No doubt the incoming administration, like a new broom, will sweep them all clean.

But to share a few thoughts is not to be a busybody.

Presumably, the two-month wrangle with the Judiciary staff over salary revision is over. I need to be better informed. It was the ultimatum Mutharika got from the civil service that must have caused him new worries.

No doubt, once the funeral dust settles, the civil servants will revive the issue with our new President.

Not so long I wrote that the occasion for awarding increment and bonuses is when a company has made substantial sales and profits.

If you award hefty salaries when the company has performed poorly on the market, you can kill that business.

In public service, there are no profits and losses to guide the awarding of increments. So how do we decide when to compensate civil servants generously?

The criterion should be the state of the economy as a whole. When growth rates of the gross domestic product have increased continuously for at least three years, increments can be provided.

If you make hefty increments when the economy is declining in growth rates, you are likely to print more notes than the economy can accommodate and inflation can result.

People may have more bank notes in their pockets but without food in their baskets because the production of goods and services has not changed.

In handing civil servants claims, the political side of government should take extra care.

I am talking of the political government because the civil service is part of the government. It is not as if the President and his ministers are on one side, and the civil service on the other.

Before the political side of government knows how much money government has collected or spent, it is the civil service side of government that knows.

Both branches of the government should try to find out why some countries in the European Union are in financial strains, notably Greece.

Whether as individuals, corporate or governments we live beyond our means, insolvent and bankruptcy will overtake us.

This state of affairs comes about when certain sections of society ‘capture’ the government. That is when they become so powerful that they compel a government to give them whatever they demand without themselves being more productive. They are said to be rent-seekers, people who earn more than they have contributed to the economy.

A good deal of trust should be established. Avoid the language of attack and counter attack. What should concern us first is to accelerate economic growth which is the sine qua non of improved standards of living and social welfare.

Our departed president put much heart in giving this country about five more universities.

It was a visionary programme. It is said a nation without a vision is lost. Still we must be sure we are not overstretching the resources of the country.

The idea of building extra universities arose out of a desire to do justice to undergraduates who are great performers than those who are moderately so. Under the quota system, students who have extremely done well are denied scholarships to public universities in favour of runners-up.

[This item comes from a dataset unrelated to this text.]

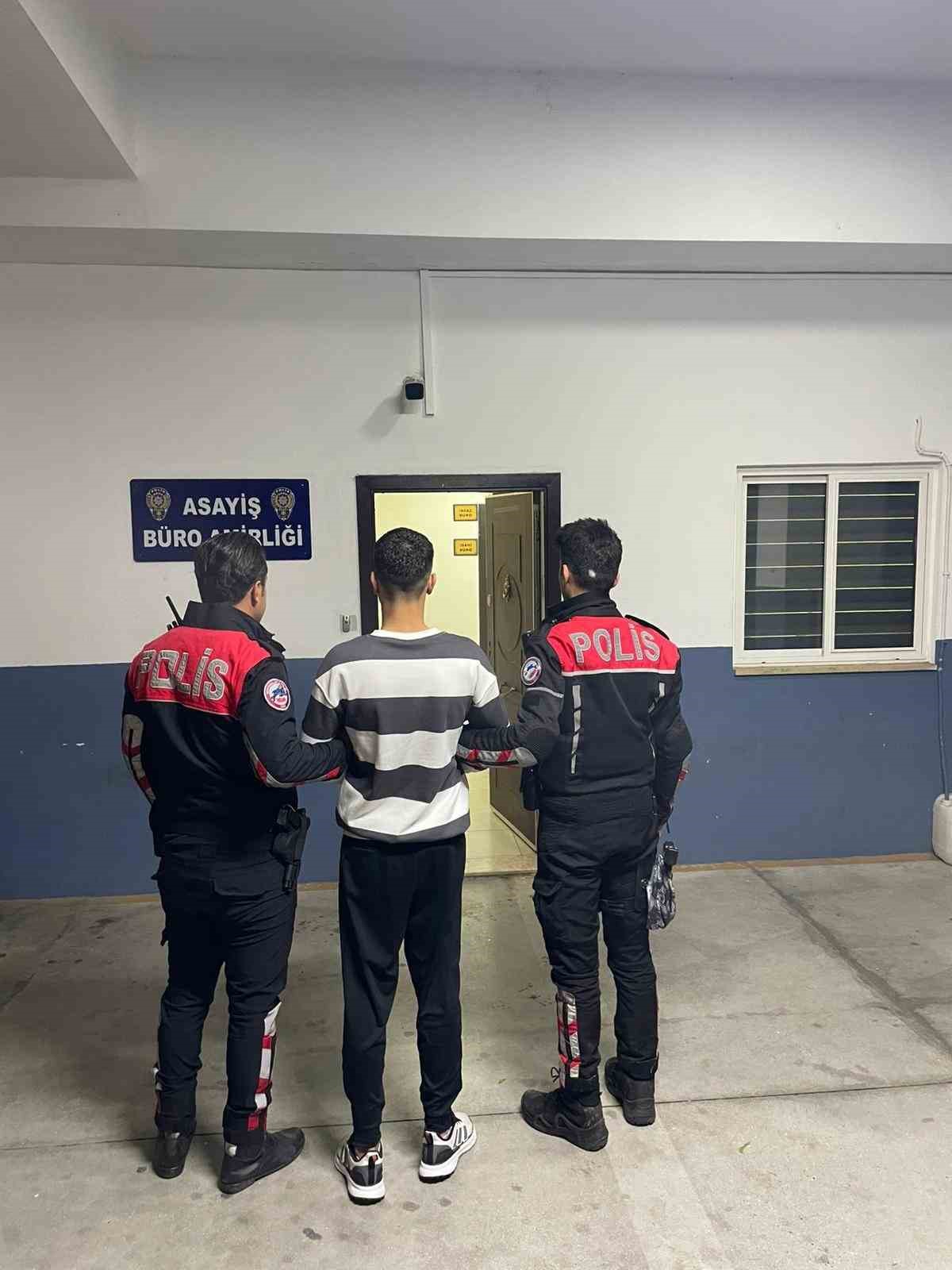 Hapis cezasıyla aranan şahıs Marmaris’te yakalandı
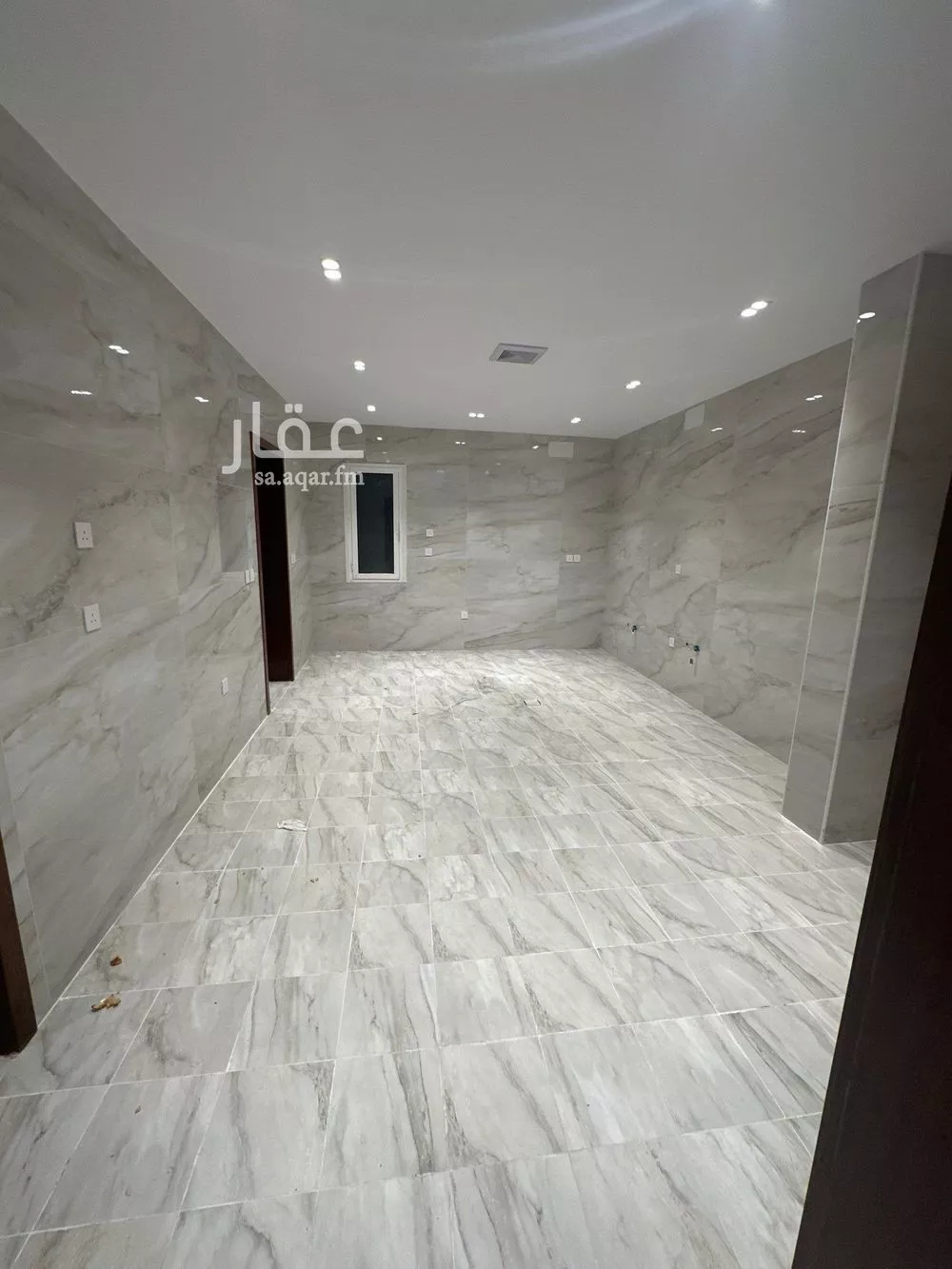 6 bedroom floor in Al Murjan 10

There is the risk that in the present state of the economy, government may not collect enough revenue to subsidise all universities. That aside, the universities may produce too many graduates for the private and civil sectors to employ.

Social and political upheavals in some countries have been started by unemployed or underemployed graduates.

The question of devaluation of the kwacha will soon come up. Possibly it is the International Monetary Fund (IMF) and donors who may revive it.

We must avoid assumptions that refusing to devalue the kwacha by 40 percent or so was one of the biggest errors Mutharika made.

Theoretically, it is true that when the kwacha is devalued our exports will be more competitive. But it also depends on the range of exports. Are we talking of tobacco, tea, sugar and cotton, we must be specific?

What is not in doubt is that devaluation will make imported goods expensive. If we produce such goods locally, we will ‘buy Malawian’ and shun expensive foreign goods. How about petrol and fertiliser?

Our government should consult and seek help on how to protect the poor from inflation arising from devaluation.